By Dr. Kelli Tice, MD – Health disparities have existed in society for a long time and there are several drivers that play a role, including lack of health insurance. Many studies have tied the lack of insurance coverage to higher mortality rates, due to the absence of preventive care, screenings and critical medical services — especially in African American and Hispanic populations. One way we can eliminate disparities is by making health insurance more affordable and encouraging more people to get covered.
The Affordable Care Act has allowed 2.7 million Floridians who didn’t have access to group health plans or Medicare obtain coverage. But still, there is much work to do — especially in under-resourced communities where many go without insurance. Why?
Is it that people don’t think they can afford health insurance? Four out of five people pay $10 or less each month for a health plan through the Health Insurance Marketplace. In fact, many people qualify for a plan that costs them nothing out of their own pocket with the financial help the federal government provides. And the cost of going without insurance may be higher than you think. According to Florida’s Agency for Health Care Administration, the average ER visit at a Florida hospital costs $10,000.
Is it that they don’t think they need insurance? Here are some numbers from the Department of Health and Human Services that I find disturbing. Black women get breast cancer at the same rate as white women but are 40% more likely to die from it. And Black adults are 40% more likely to have high blood pressure but are less likely to have it under control. Hispanic men are 50% more likely to die from diabetes than white men. And people in Hispanic communities are 30% to 40% more likely to have undiagnosed depression. Health insurance through the Affordable Care Act covers preventive services that could positively impact these upsetting statistics.

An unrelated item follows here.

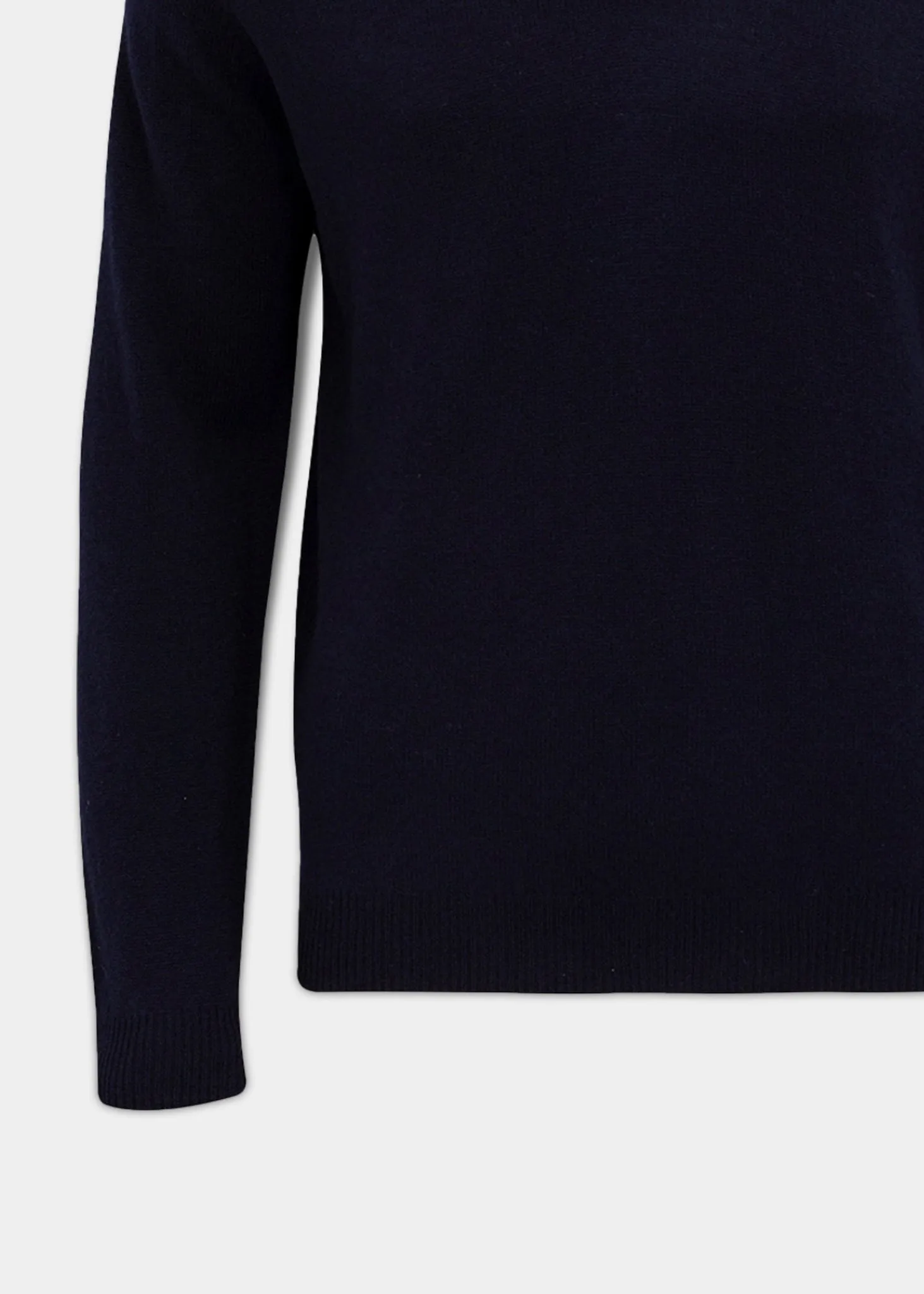 Streetly Men's V Neck Jumper In Navy - Classic Fit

Is it that buying and using health insurance is too confusing? There are free resources available to help. Individuals can talk to a health navigator or a local agent they trust to help with selecting a plan. And health insurance companies have a lot of resources to help individuals understand their plan and how to get the most value from their benefits.

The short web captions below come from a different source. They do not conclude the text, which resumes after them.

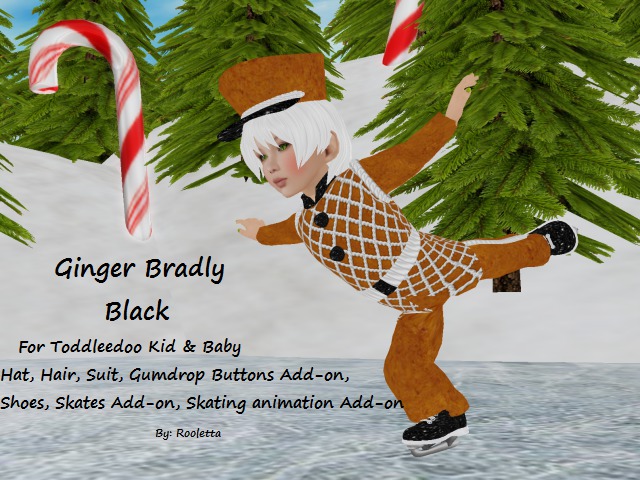 {HCM} Ginger Bradly Black {Boxed}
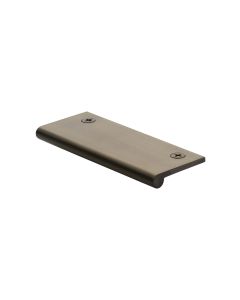 Heritage Brass Antique Brass Edge Pull Cabinet Handle 100mm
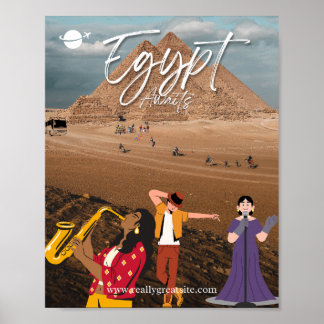 Egypt Pyramids & Music Culture Poster | Modern Egy
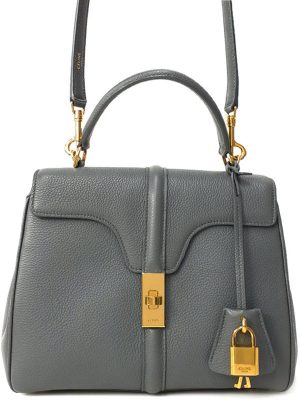 1824085740014 Celine C Charm Shoulder Bag Leather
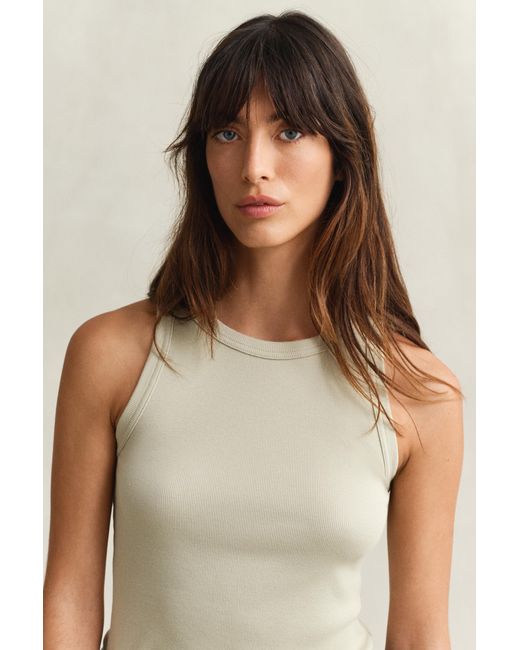 Gant Blue Ribbed Tank Top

Everyone deserves access to quality, affordable and equitable health care. I deserve it, you deserve it, and your family deserves it!
As the Chief Health Equity Officer at Florida Blue, my work affords me the opportunity to drive health equity initiatives and influence the future of health care. We’ve created getcoveredflorida.com to help educate consumers about the importance of having coverage and how to find out if they can get financial help to pay for it.
Together we can break this barrier to ensure families have access to affordable, high-quality and convenient whole person health care that recognizes the cultural and social needs of our community members.
Kelli Tice, MD, is the Chief Health Equity Officer for GuideWell and Florida Blue.